→ EXERCISE INSTRUCTIONS
Leaving out every picture, transcribe the lines from the line that contains "Shopmate product stories" to the end of the entries below, both ends included.

→ SOURCE DATA
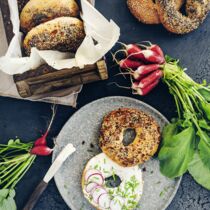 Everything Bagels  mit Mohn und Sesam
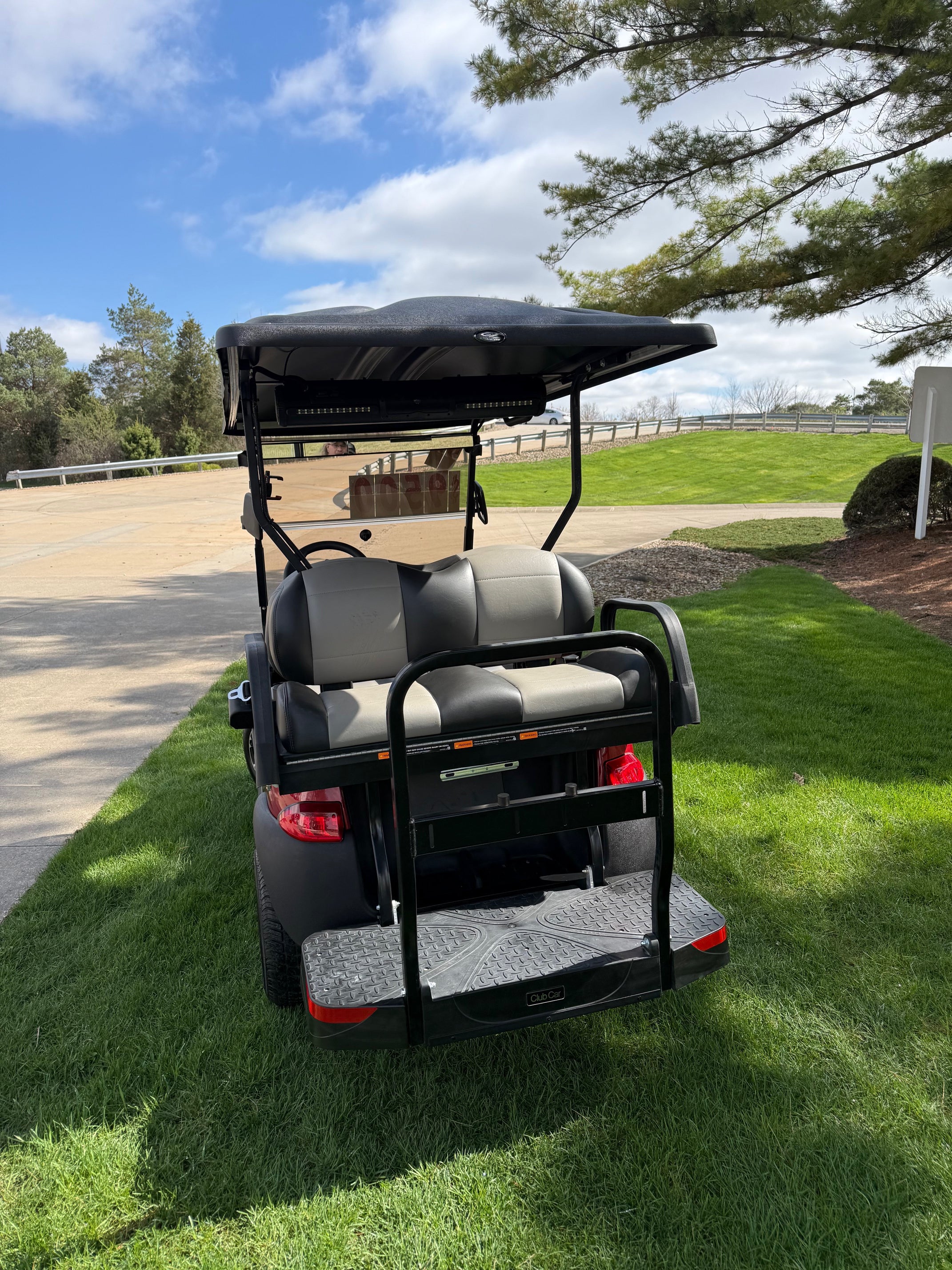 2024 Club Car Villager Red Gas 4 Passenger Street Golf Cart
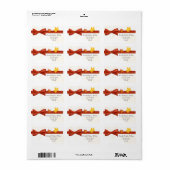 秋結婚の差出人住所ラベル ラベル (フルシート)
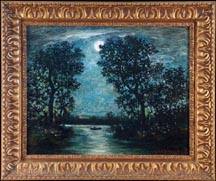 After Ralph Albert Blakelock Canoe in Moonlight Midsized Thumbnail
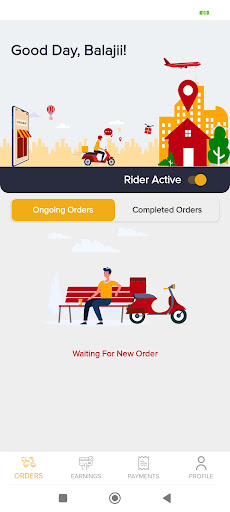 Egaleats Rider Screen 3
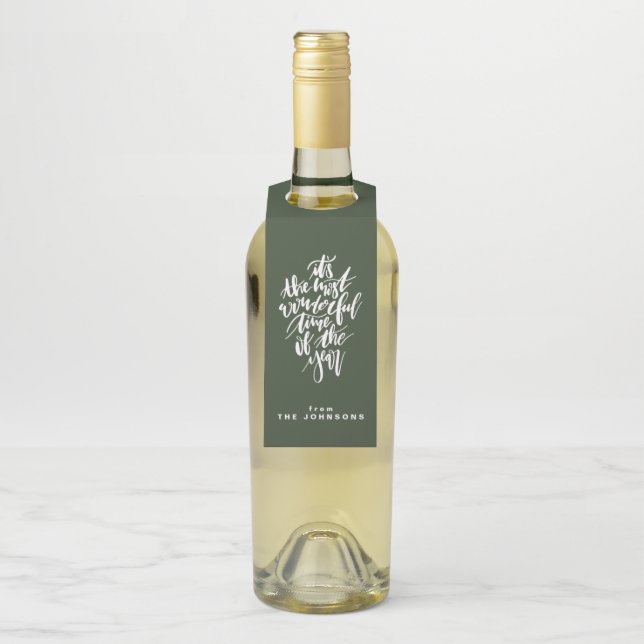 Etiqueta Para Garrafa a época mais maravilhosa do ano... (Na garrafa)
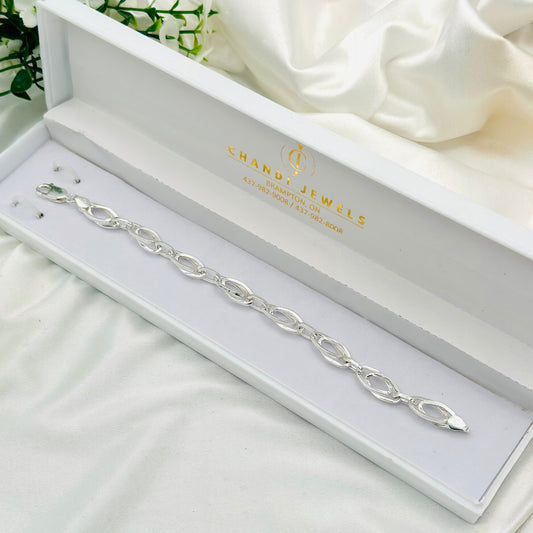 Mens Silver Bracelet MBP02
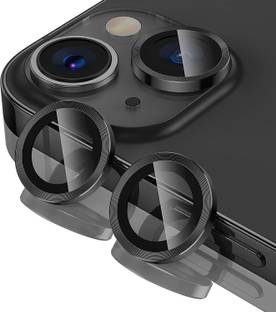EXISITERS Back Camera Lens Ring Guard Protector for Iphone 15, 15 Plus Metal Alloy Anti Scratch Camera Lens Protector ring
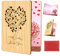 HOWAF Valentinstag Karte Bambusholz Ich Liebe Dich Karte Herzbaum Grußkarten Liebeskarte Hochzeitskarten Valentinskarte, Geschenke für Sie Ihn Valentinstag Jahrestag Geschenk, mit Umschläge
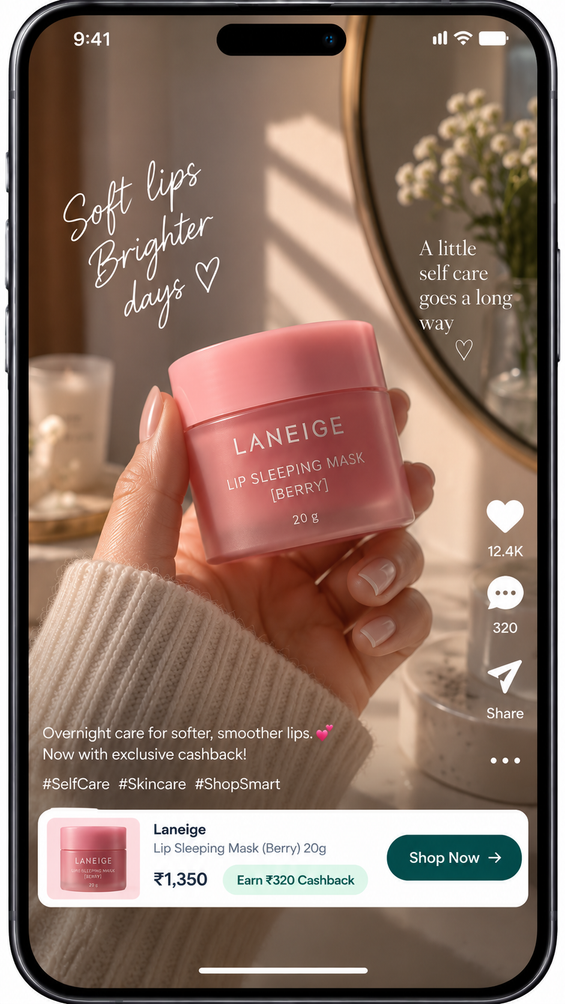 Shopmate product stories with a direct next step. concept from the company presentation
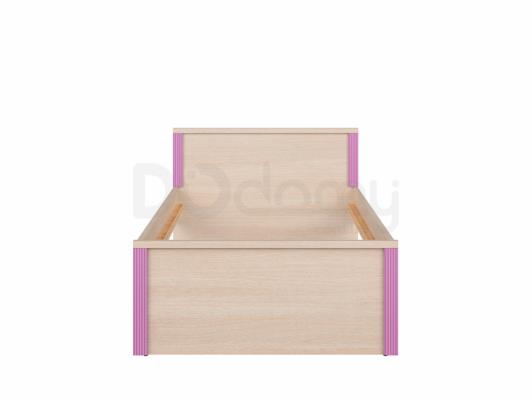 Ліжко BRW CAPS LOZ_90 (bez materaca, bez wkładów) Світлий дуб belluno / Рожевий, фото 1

→ RESPONSE AREA
 Shopmate product stories with a direct next step. concept from the company presentation
 Ліжко BRW CAPS LOZ_90 (bez materaca, bez wkładów) Світлий дуб belluno / Рожевий, фото 1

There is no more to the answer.